──────── PROVIDED INFORMATION ────────

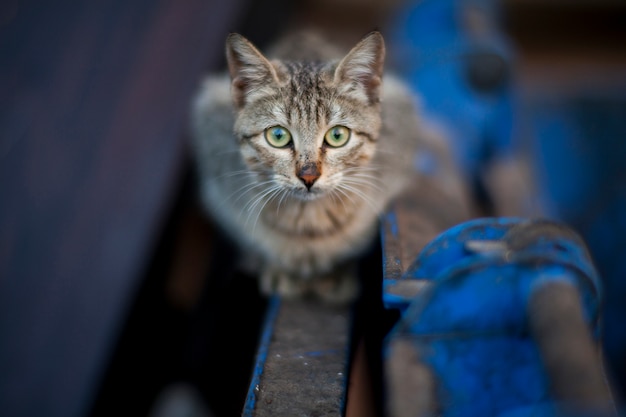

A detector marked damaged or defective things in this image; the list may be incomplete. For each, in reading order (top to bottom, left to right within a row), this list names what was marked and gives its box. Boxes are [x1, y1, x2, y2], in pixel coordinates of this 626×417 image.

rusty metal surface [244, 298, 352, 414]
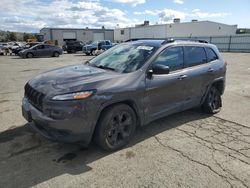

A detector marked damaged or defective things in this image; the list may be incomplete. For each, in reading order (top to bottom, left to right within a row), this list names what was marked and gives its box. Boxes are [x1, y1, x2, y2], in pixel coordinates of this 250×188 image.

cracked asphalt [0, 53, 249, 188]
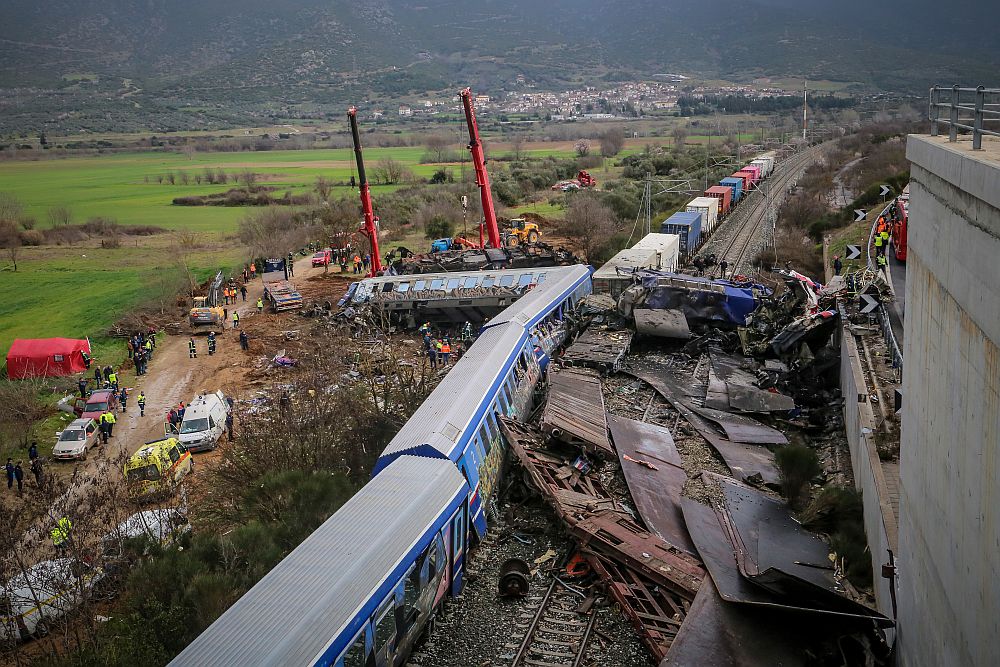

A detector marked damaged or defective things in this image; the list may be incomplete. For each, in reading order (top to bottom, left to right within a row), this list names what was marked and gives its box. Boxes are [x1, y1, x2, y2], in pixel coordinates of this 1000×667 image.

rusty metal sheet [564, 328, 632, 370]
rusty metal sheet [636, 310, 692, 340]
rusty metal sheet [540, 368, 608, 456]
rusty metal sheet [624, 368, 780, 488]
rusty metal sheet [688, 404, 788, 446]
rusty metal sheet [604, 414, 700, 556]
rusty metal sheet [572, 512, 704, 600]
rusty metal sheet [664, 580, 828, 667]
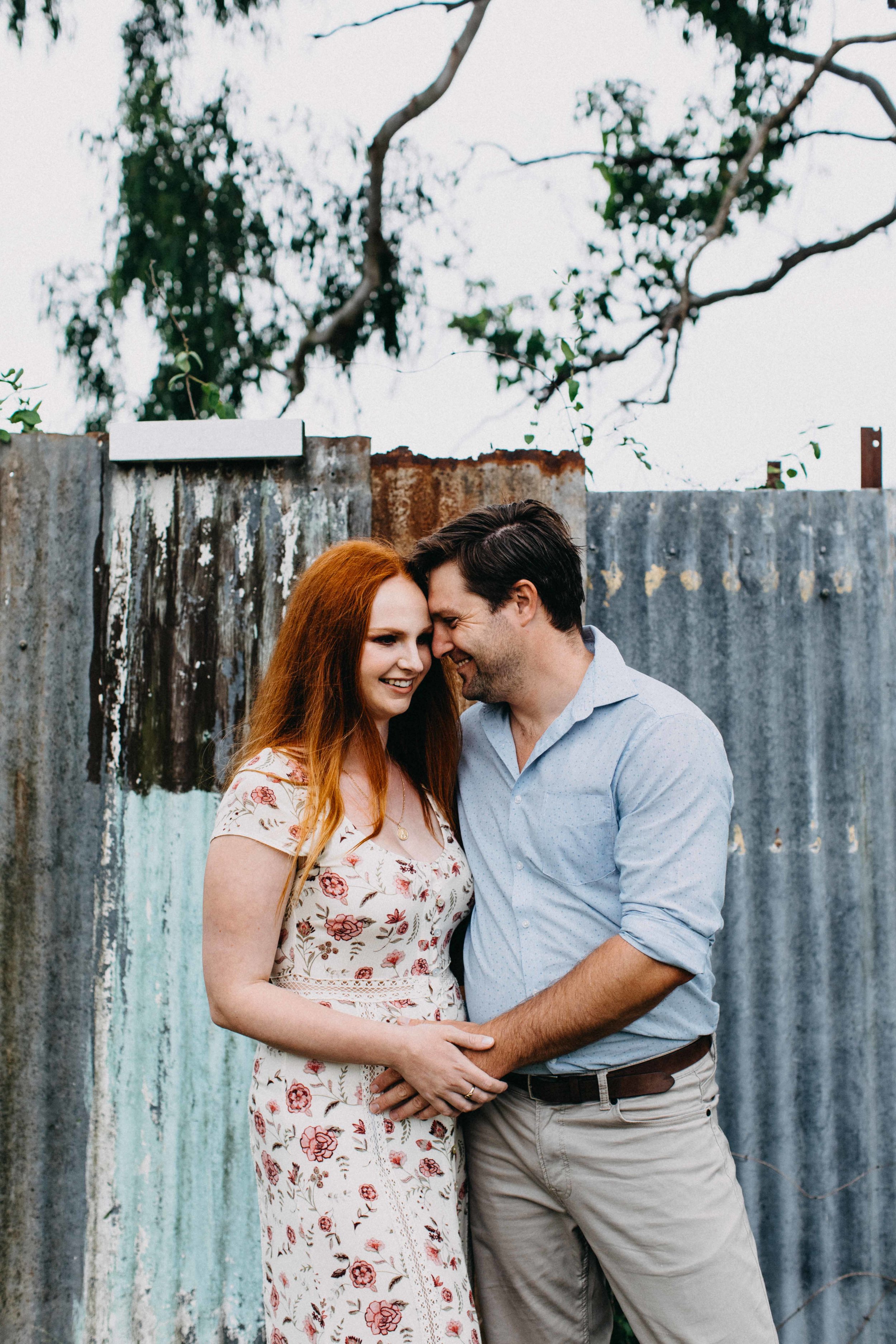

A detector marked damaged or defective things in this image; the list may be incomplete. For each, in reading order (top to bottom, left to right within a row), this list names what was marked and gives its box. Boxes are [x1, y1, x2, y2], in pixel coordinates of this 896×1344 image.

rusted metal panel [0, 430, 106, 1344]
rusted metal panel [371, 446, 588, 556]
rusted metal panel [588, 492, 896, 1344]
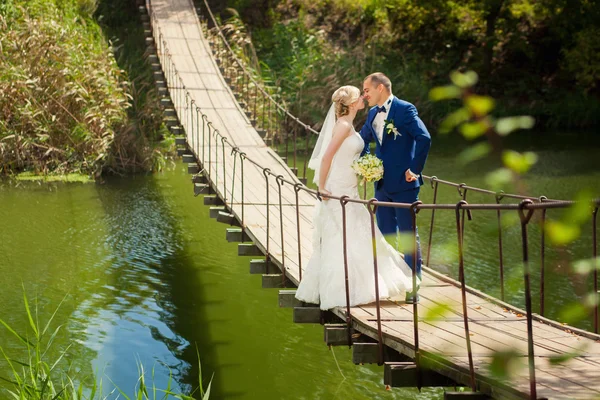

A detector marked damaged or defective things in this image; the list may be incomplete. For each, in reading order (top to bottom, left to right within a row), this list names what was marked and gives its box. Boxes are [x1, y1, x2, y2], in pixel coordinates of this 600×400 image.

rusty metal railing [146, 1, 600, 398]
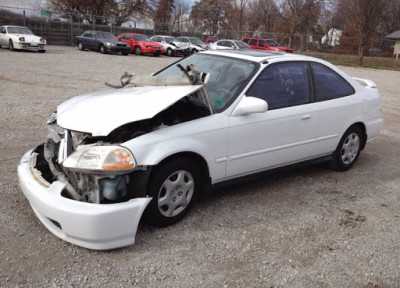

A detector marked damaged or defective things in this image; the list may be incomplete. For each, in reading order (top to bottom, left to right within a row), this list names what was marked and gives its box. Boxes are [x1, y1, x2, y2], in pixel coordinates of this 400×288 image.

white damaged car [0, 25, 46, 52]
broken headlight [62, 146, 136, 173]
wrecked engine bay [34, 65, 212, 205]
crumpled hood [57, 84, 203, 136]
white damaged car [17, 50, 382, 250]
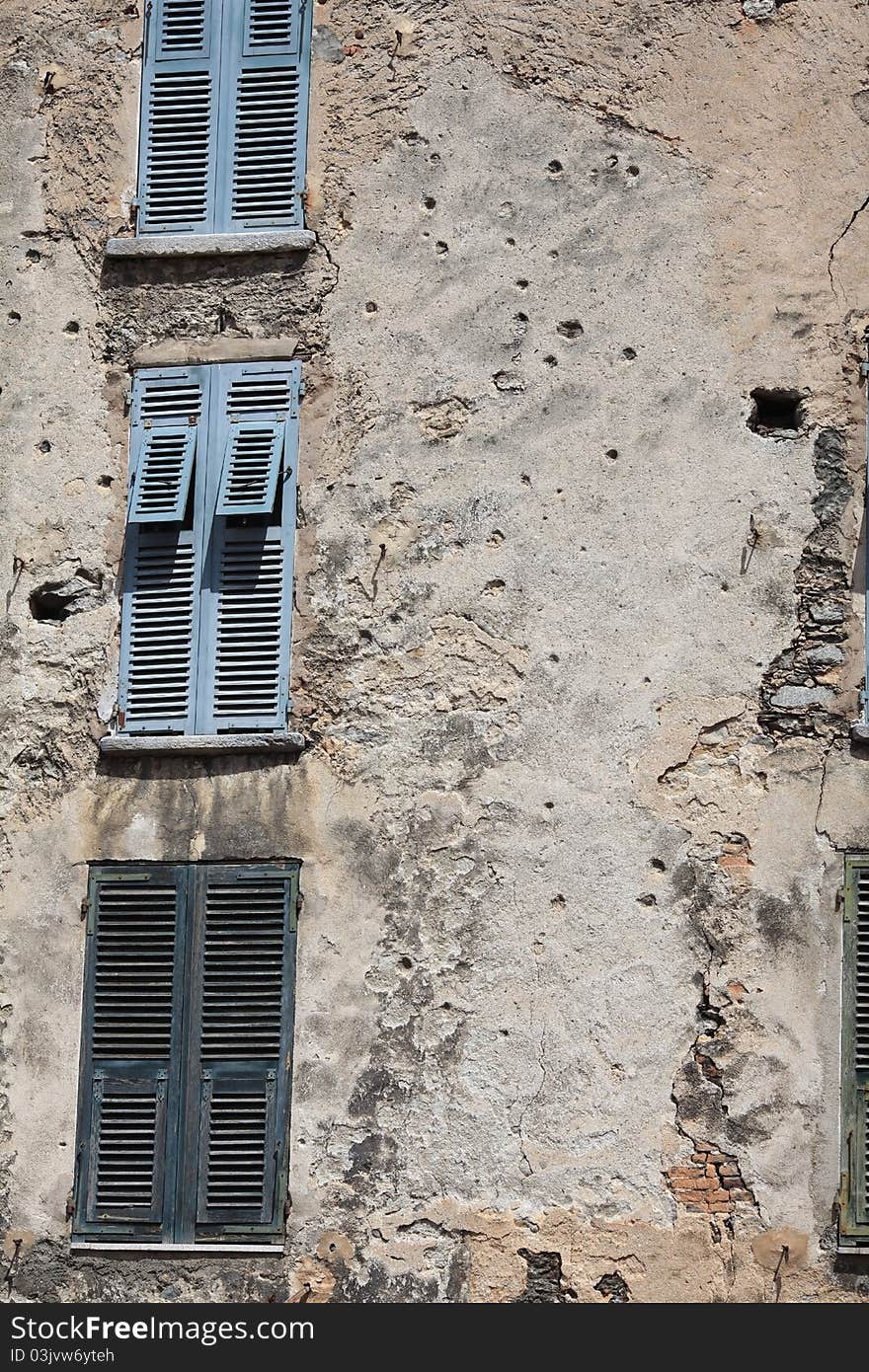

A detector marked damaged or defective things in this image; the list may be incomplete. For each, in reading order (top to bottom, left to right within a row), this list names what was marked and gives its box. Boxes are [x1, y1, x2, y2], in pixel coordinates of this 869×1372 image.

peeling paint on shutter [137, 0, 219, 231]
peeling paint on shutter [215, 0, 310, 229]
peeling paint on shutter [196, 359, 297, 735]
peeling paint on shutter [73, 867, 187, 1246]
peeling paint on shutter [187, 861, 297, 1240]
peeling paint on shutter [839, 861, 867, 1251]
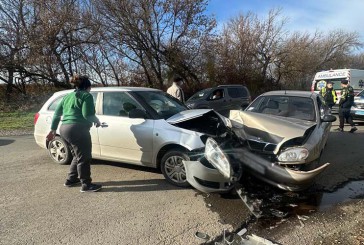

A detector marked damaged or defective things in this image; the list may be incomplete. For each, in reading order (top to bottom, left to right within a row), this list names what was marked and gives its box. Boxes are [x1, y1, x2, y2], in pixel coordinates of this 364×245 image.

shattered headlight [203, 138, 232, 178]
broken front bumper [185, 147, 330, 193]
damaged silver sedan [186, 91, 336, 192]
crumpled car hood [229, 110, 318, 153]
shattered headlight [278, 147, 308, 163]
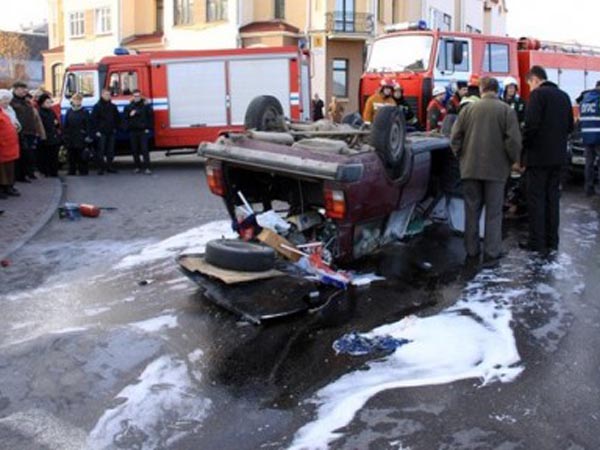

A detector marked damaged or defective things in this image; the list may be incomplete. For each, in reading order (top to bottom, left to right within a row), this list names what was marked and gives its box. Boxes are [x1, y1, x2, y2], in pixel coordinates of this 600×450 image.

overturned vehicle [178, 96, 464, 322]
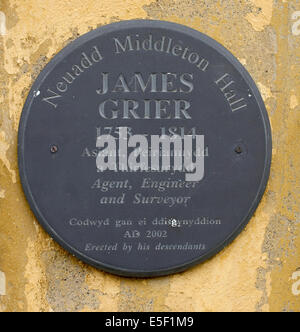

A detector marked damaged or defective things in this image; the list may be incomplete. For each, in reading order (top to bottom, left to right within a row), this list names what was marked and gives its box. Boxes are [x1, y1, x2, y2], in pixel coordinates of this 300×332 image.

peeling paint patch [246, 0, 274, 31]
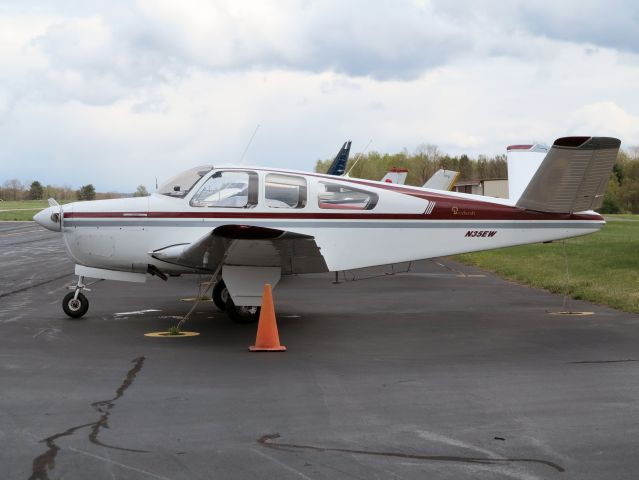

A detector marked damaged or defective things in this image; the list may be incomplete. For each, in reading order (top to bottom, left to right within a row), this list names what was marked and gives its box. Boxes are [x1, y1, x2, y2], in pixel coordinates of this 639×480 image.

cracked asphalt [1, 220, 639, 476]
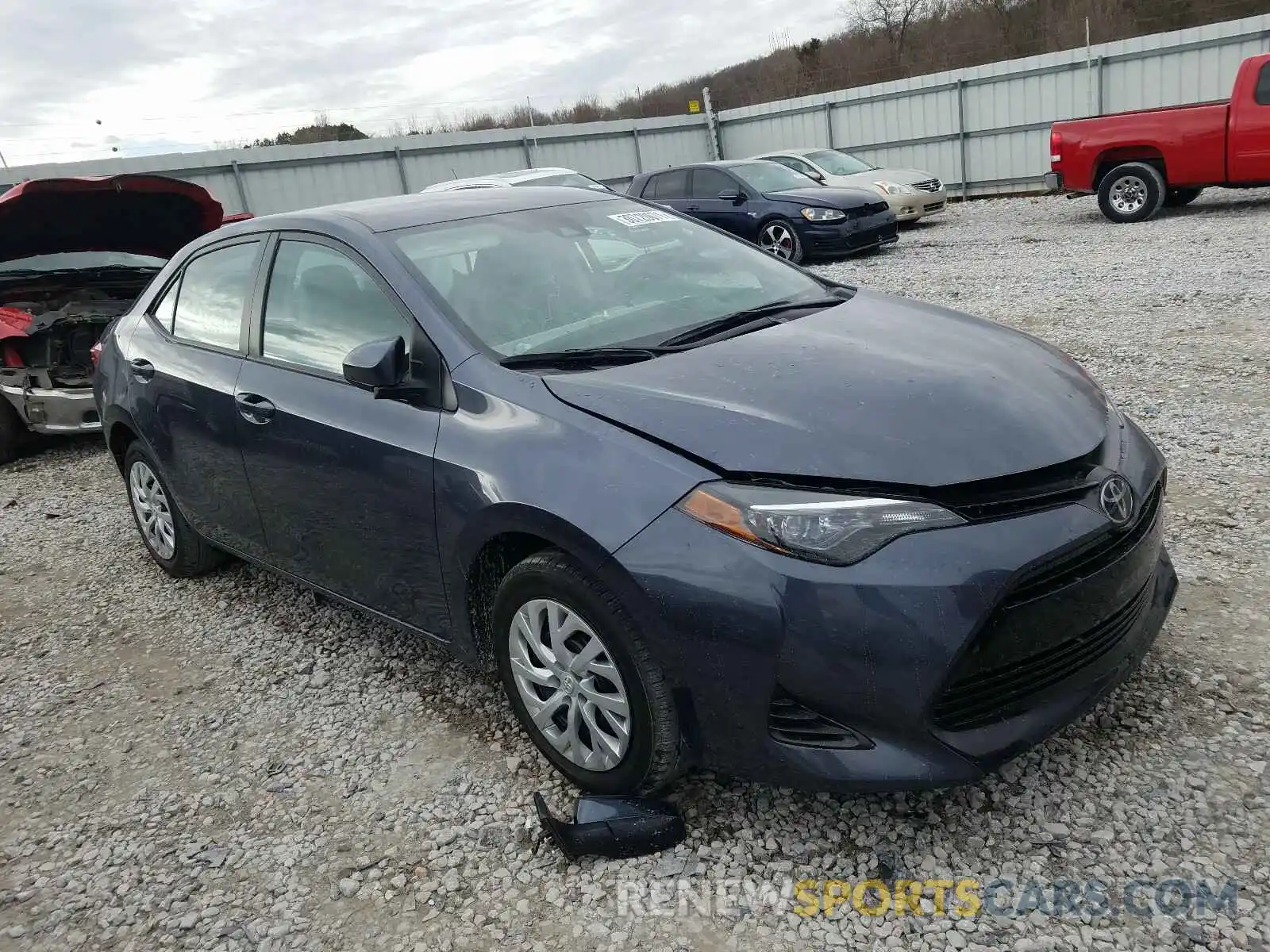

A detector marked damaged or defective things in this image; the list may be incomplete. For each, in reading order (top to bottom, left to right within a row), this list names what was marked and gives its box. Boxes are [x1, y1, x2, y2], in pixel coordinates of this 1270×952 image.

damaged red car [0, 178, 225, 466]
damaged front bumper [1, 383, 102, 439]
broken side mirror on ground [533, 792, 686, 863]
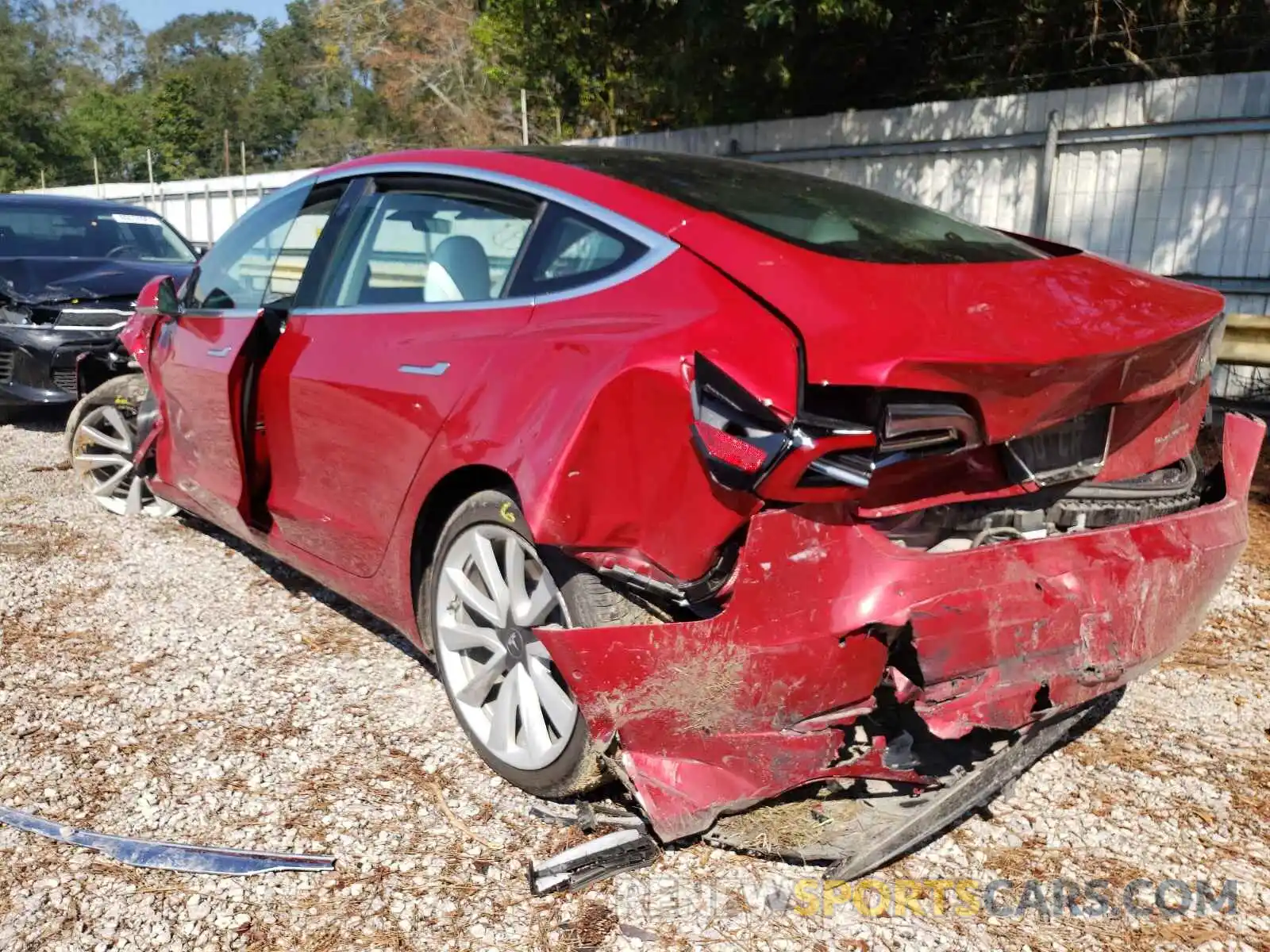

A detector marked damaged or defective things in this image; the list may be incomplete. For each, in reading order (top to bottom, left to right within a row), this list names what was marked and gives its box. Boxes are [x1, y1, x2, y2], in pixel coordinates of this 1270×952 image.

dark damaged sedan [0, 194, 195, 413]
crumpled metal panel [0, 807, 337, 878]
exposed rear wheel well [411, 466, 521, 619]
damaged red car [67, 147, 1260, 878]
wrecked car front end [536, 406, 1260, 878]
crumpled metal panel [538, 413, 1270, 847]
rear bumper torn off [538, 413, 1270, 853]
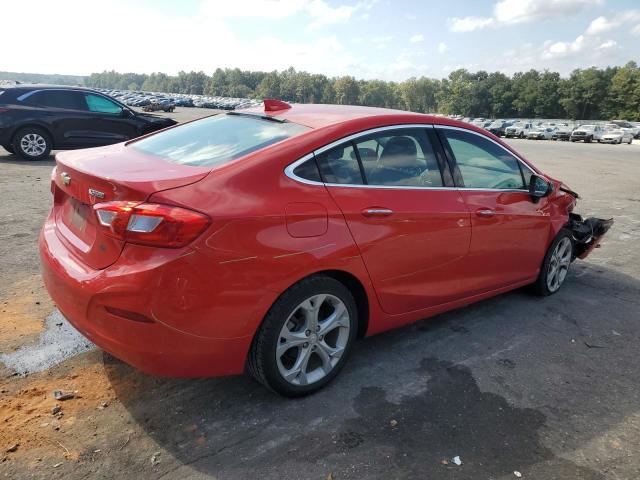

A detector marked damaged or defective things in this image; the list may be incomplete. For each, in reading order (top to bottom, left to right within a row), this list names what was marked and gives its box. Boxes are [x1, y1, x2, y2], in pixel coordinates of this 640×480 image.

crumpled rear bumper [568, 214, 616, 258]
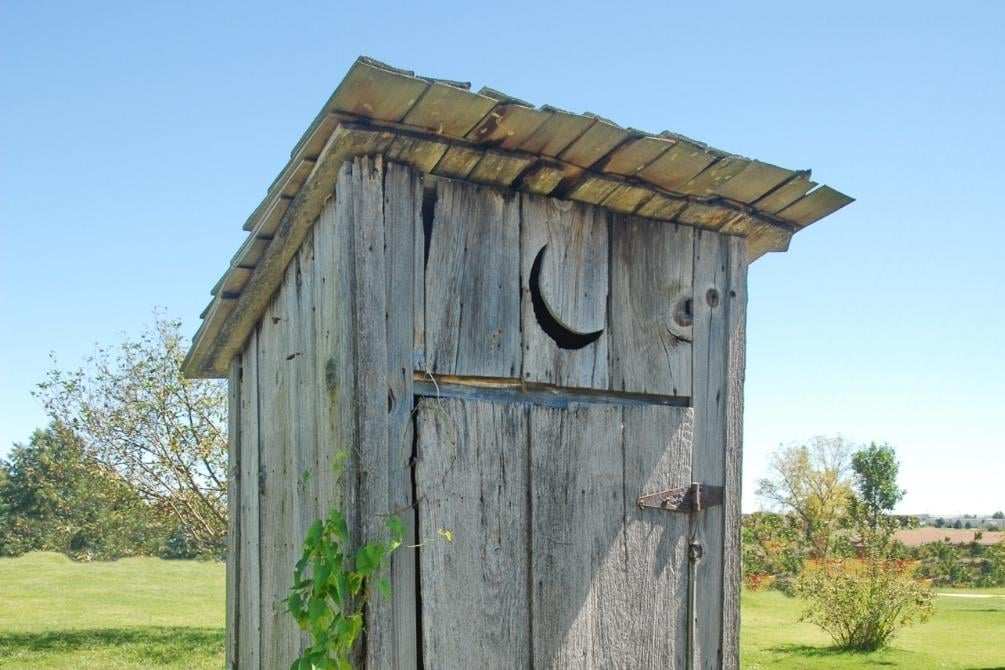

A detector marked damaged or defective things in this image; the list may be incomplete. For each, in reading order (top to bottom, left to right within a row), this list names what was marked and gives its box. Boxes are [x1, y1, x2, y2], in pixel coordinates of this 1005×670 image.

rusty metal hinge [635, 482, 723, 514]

────────

## WHAT IS REQUIRED
In the listing above, find the line containing "this 1005×670 image." and please quote exactly that line through the last one, and no other lines.

## RESULT FOR THIS TASK
A detector marked damaged or defective things in this image; the list may be incomplete. For each, in reading order (top to bottom, left to right within a row), this list names what was marked and gives its box. Boxes are [x1, y1, x2, y2], in pixel coordinates of this 1005×670 image.

rusty metal hinge [635, 482, 723, 514]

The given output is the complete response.